Playing with firepower
David Pryce-Jones
AMERICAS SECRET WAR by George Friedman Little, Brown, £12.99, pp. 354, ISBN 0316728624 & £11.99 (plus £2.25 p&p) 0870 800 4848 Scores of books are already in print about the United States and its reaction to terror. Virtually all of them take the Chirac-Guardian line that President Bush and his administration are morons who don't know what they are doing, inventing lies and laws higgledypiggledy on the way towards apocalypse. It is out of the ordinary, therefore, to find
a commentator who thinks that the United States has done quite a lot of things right in countering terror, but a few things wrong too, and all of it is open to rational debate.
George Friedman is the founder of Stratfors, a husband-and-wife think tank in Texas devoted to commenting on high diplomatic and military strategy around the globe. His reports circulate on the interne( and very chatty and knowing they are too, as though the author was on confidential terms with every head of state. In the same chatty and knowing style, this book goes over 9/11, its causes and consequences. Friedman is a master of the sweeping statement, and he feels no need to bother with such mundane things as sources or footnotes. The word 'secret' in a title is always suspect, but the picture of events given here does seem to correspond to reality, and is certainly evidence of a mind at work, Basically a story of multiple misunderstandings is unfolding. Al-Qa'eda believed that it had seen off the Soviet Union in Afghanistan, and would repeat this success by driving American forces out of Saudi Arabia. Americans might appear strong, but they were too decadent to fight. Attacks on them would rally Muslims everywhere, reverse centuries of decline and restore the Caliphate to supremacy over infidels. Erratic as these fantasies are, Osama bin Laden is resorting to violence in order to obtain power in the timehonoured tradition of Arab absolutism.

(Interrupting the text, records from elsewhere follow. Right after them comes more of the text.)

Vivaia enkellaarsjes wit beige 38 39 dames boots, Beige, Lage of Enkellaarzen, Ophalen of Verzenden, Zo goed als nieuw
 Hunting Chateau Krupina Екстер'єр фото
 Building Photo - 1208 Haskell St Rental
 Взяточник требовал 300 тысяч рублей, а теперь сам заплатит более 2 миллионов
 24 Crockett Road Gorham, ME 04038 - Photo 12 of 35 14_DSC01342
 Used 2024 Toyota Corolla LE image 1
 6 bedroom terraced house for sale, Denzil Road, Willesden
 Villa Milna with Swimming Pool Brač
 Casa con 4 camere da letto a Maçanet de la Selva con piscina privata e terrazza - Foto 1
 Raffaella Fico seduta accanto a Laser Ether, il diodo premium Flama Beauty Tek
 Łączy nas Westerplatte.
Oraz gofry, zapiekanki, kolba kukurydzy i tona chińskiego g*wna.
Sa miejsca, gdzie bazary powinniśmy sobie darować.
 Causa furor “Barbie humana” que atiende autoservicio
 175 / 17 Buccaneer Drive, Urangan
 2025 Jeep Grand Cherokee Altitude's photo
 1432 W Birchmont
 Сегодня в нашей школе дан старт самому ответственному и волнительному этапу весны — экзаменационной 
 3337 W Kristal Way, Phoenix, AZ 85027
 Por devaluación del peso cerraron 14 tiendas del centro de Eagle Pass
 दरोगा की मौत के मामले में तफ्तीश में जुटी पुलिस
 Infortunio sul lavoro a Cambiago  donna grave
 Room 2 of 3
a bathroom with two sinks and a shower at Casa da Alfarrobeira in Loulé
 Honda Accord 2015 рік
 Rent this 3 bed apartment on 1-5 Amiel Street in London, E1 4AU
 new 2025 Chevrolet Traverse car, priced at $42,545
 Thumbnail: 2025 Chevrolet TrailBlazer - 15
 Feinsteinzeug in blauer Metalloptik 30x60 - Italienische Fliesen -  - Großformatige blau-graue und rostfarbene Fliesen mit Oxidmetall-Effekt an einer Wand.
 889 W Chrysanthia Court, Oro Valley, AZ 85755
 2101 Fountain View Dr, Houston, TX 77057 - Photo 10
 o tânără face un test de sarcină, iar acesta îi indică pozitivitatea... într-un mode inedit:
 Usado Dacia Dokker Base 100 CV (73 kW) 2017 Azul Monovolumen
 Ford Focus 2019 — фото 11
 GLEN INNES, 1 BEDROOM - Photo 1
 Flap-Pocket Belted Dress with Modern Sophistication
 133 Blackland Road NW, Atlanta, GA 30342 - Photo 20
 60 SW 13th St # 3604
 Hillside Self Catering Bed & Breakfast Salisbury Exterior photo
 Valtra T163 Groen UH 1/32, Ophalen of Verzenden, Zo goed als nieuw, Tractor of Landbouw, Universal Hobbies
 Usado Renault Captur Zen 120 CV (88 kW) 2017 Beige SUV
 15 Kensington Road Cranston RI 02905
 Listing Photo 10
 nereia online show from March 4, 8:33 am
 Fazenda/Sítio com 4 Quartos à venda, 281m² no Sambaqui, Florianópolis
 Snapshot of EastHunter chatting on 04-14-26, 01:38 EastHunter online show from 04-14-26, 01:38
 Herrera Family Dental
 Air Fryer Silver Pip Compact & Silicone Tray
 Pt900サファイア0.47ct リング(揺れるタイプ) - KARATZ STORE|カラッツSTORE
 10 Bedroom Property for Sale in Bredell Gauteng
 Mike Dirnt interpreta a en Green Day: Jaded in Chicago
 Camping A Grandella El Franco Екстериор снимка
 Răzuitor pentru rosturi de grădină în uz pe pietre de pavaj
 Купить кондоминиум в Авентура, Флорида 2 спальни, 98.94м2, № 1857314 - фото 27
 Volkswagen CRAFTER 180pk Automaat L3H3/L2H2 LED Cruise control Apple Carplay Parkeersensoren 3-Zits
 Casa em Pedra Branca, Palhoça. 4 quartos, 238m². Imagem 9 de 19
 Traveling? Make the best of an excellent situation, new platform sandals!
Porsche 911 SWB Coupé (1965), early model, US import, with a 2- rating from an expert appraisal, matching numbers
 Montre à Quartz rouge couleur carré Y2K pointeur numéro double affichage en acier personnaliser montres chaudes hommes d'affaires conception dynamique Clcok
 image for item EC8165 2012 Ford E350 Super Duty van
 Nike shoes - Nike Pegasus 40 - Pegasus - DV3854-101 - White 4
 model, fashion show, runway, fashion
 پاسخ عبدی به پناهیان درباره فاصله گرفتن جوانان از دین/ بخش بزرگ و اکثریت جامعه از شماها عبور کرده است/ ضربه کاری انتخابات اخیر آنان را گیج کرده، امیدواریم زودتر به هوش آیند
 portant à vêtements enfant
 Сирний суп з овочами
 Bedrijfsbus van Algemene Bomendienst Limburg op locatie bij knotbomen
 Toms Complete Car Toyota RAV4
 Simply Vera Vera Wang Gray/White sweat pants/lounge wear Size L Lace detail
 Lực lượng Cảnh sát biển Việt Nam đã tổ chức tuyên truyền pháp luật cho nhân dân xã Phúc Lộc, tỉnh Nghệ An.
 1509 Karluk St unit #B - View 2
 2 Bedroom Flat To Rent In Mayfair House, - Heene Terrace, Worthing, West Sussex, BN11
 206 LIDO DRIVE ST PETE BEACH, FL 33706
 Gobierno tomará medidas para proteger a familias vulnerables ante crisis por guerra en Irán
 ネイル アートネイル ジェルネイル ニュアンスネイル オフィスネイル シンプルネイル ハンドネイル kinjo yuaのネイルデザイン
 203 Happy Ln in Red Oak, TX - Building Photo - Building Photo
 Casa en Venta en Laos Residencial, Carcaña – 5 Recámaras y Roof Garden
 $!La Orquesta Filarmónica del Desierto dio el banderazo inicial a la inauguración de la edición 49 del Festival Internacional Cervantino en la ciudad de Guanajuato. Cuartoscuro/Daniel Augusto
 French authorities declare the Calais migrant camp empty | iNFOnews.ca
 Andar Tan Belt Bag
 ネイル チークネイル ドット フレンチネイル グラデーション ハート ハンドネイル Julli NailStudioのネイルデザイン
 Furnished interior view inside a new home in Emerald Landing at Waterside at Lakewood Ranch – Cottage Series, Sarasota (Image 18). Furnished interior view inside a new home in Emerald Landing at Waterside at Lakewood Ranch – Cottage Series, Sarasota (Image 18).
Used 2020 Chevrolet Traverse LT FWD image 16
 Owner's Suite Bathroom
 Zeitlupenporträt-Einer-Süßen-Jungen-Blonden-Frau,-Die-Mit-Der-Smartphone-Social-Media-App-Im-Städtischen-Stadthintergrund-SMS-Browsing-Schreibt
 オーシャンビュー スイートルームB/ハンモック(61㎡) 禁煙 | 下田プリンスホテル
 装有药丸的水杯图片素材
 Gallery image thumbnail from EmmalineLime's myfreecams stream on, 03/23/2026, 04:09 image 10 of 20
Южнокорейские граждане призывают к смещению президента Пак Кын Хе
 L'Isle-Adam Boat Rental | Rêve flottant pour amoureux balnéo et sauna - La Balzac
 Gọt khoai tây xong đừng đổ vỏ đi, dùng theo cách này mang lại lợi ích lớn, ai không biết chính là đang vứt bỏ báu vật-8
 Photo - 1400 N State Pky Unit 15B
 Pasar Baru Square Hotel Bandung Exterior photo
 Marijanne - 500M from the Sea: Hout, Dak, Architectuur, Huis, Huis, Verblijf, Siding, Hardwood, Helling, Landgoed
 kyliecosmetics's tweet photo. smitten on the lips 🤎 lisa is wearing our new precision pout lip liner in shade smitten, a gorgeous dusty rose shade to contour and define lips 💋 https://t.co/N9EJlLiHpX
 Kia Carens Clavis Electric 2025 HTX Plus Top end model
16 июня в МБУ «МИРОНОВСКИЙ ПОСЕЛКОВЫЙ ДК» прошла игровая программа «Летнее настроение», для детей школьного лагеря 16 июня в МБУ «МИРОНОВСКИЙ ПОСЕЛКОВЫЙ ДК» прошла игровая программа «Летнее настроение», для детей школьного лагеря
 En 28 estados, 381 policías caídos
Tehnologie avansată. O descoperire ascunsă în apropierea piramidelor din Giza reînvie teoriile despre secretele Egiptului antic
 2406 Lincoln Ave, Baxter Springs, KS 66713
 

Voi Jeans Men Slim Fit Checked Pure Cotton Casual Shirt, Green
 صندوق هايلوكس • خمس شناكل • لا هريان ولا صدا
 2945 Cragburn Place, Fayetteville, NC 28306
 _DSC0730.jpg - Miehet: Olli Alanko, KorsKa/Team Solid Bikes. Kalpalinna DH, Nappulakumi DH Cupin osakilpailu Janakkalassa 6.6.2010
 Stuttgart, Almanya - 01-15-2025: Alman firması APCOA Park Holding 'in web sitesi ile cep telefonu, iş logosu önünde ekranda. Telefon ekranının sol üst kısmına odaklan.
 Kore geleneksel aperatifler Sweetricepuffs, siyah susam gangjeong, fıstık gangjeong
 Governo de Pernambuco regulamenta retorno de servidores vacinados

9/11 was carefully devised to be an atrocity so intolerable that the United States was bound to respond with force. Put another way, Arab absolutism was luring the pre-eminent democracy into an armed conflict on its own terms and on Muslim territory too. Friedman is rightly impressed by al-Qa'eda's strategy and the care which went into the preparation and execution of so many deaths which were also suicide missions. The use of passenger planes as flying missiles was innovative. Through the 1990s, President Clinton and his administration had not taken alQa'eda seriously, absorbing the harm and the killing it did with an ineffective cruise missile here or there. After the successful close of the Cold War, Pentagon military doctrines were in flux. The United States had neither the intelligence services nor a legal system appropriate to deal with terrorism, hence much of the confusion after 9/11 about whether it was trying to contain crime or fight a war. But it did have the will to defend itself. Russia and former Soviet republics in Central Asia were necessary and willing allies. Through a combination of money and military technology, the campaign in Afghanistan swiftly scattered the Taliban and chewed up alQa'eda enough to allow a political solution to emerge.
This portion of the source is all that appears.